» **ASSIGNMENT**: Pictures aside, repeat every entry exactly.
┌────────
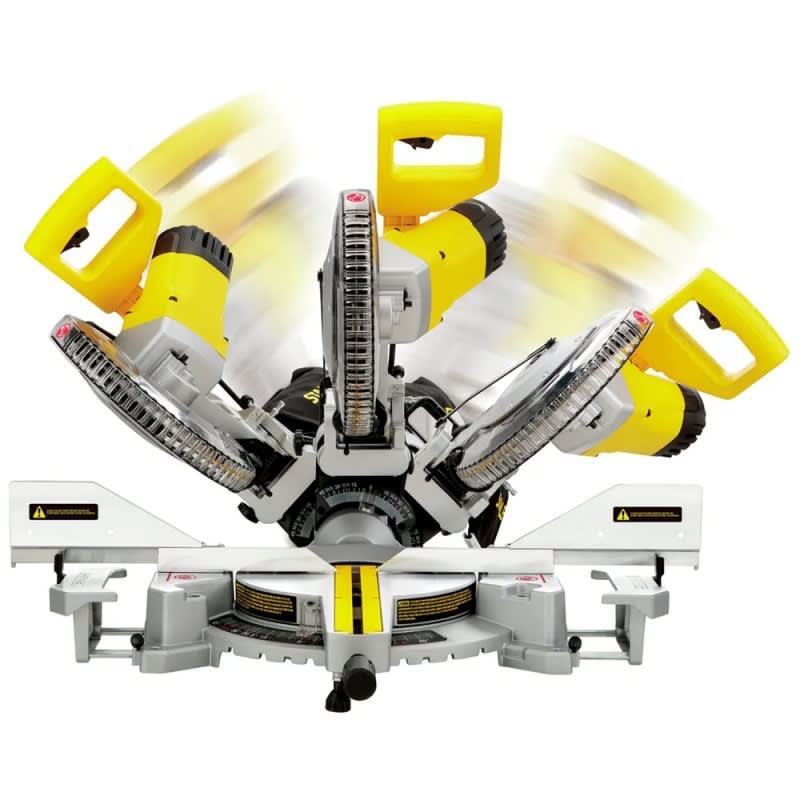 SIERRA INGLETEADORA TELESCOPICA 10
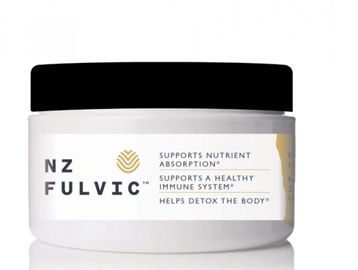 Nz Fulvic helps detox your body!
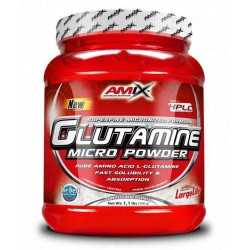 Glutamina Powder 500Gr - Amix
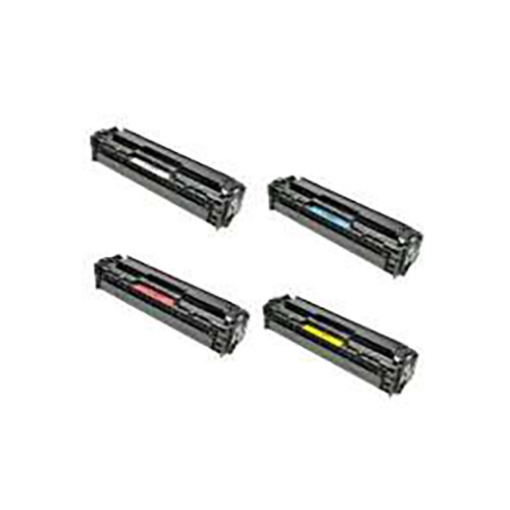 Picture of Bundled LC-103Bk (LC-103M) High Yield Black, Cyan, Magenta, Yellow Inkjet Cartridges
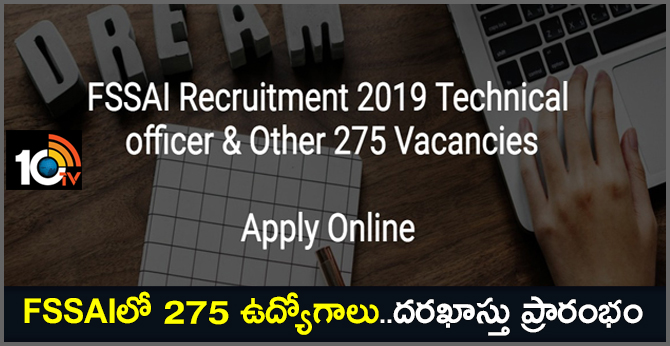 Food Safety And Standards Authority Of India Vacancies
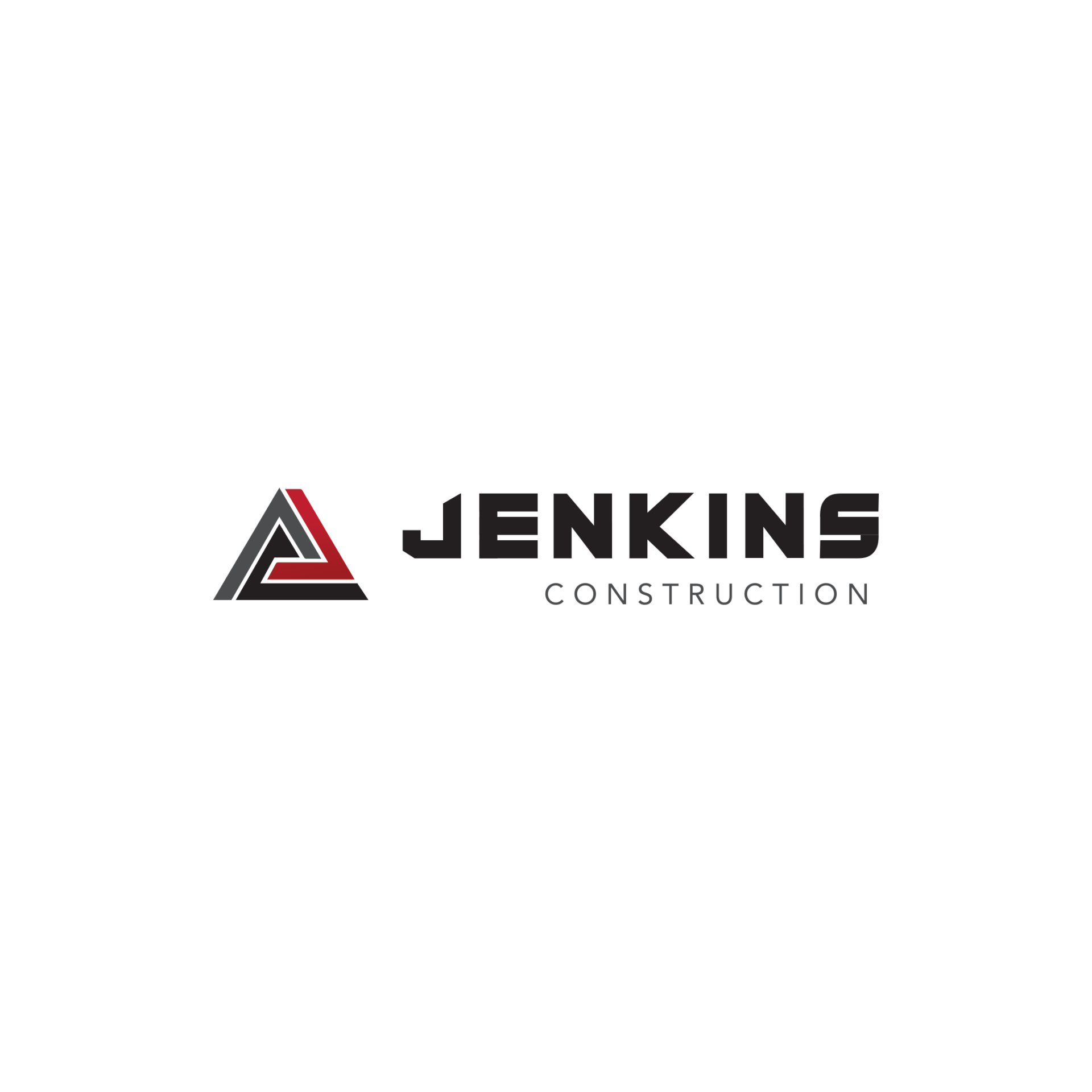 Jenkins Construction Logo Colour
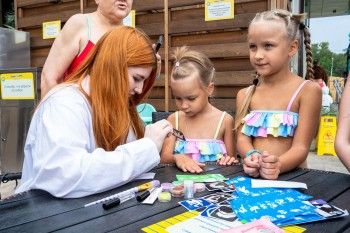 Весёлые каникулы с детьми: водные игры и бассейны в Termoland Бутово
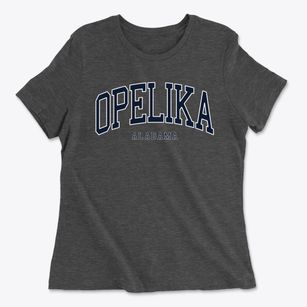 Opelika Alabama Traditional Women's Cotton T-Shirt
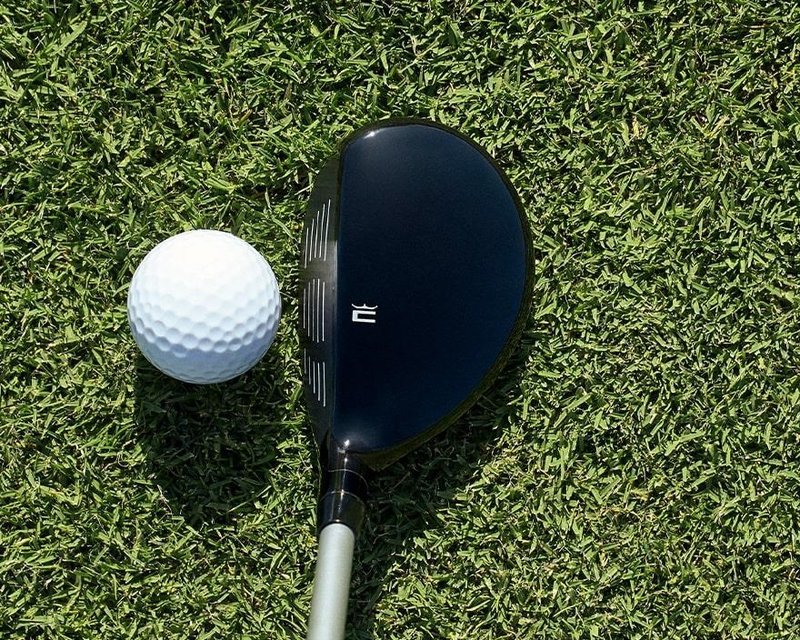 Cobra BAFFLER Black Blue ladies hybrid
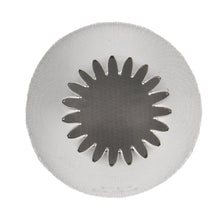 Load image into Gallery viewer, FineDecor Large Piping Tip, Stainless Steel Icing Piping Nozzle Tip, Cake Decorating Tools Cream Puff Decor Pastry Icing Tool for Baker, 1psc (B34)

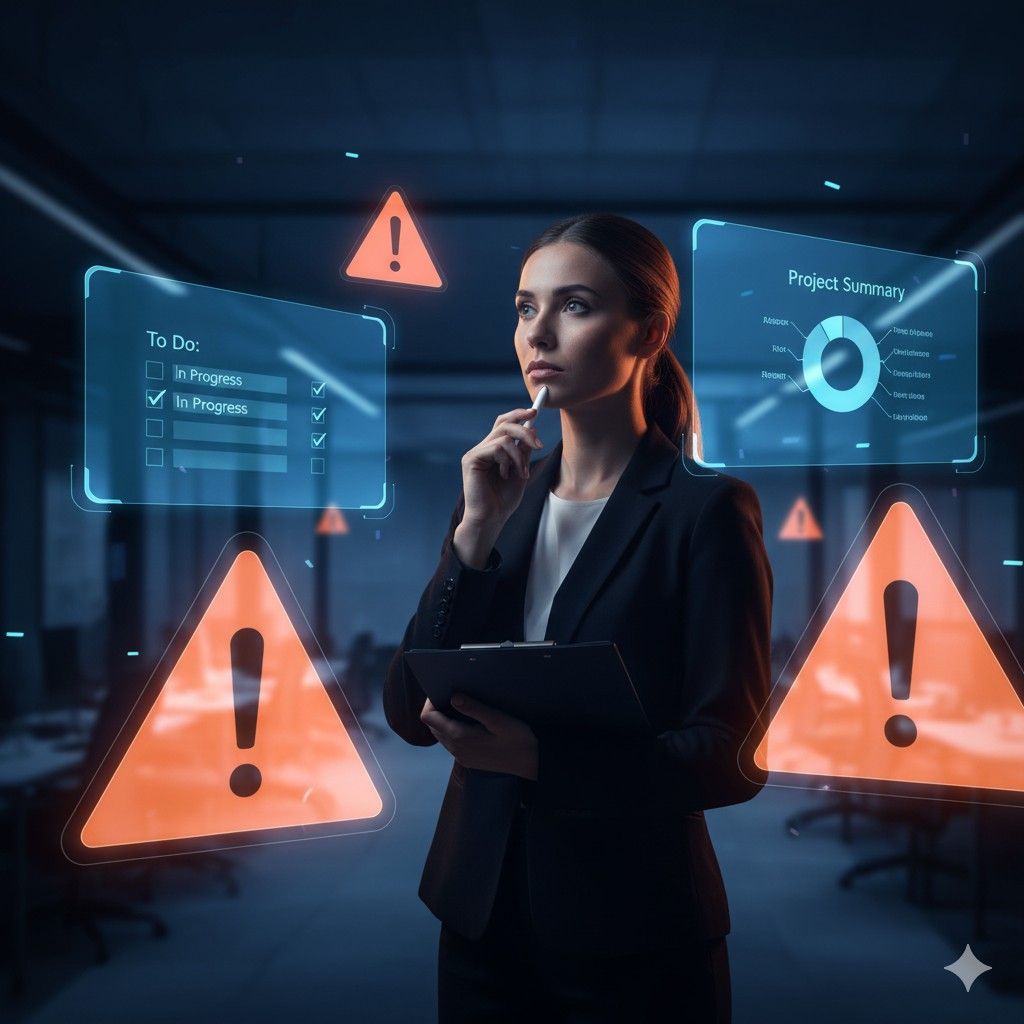 Spot risks before they become blockers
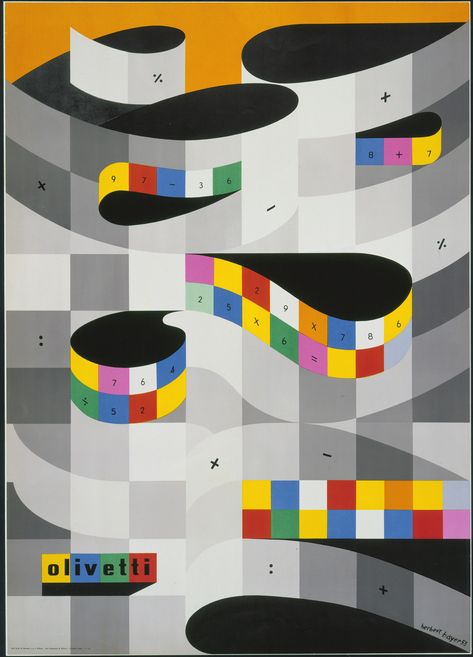 Ribbon In The Sky, Herbert Bayer, Josef Albers, Unframed Wall Art, Wassily Kandinsky, Design Museum, Land Art, Design Graphique, History Design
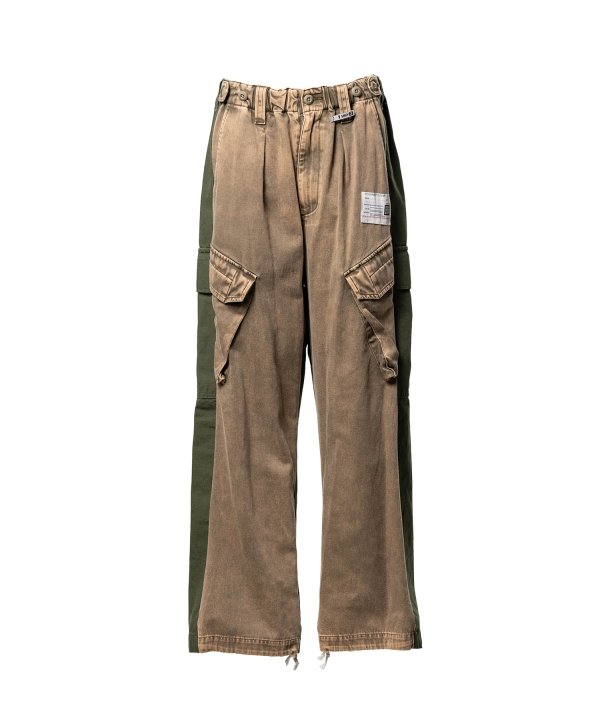 Front Back Combined Cargo Pants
└────────
» **RESPONSE**:
 SIERRA INGLETEADORA TELESCOPICA 10
 Nz Fulvic helps detox your body!
 Glutamina Powder 500Gr - Amix
 Picture of Bundled LC-103Bk (LC-103M) High Yield Black, Cyan, Magenta, Yellow Inkjet Cartridges
 Food Safety And Standards Authority Of India Vacancies
 Jenkins Construction Logo Colour
 Весёлые каникулы с детьми: водные игры и бассейны в Termoland Бутово
 Opelika Alabama Traditional Women's Cotton T-Shirt
 Cobra BAFFLER Black Blue ladies hybrid
 Load image into Gallery viewer, FineDecor Large Piping Tip, Stainless Steel Icing Piping Nozzle Tip, Cake Decorating Tools Cream Puff Decor Pastry Icing Tool for Baker, 1psc (B34)

 Spot risks before they become blockers
 Ribbon In The Sky, Herbert Bayer, Josef Albers, Unframed Wall Art, Wassily Kandinsky, Design Museum, Land Art, Design Graphique, History Design
 Front Back Combined Cargo Pants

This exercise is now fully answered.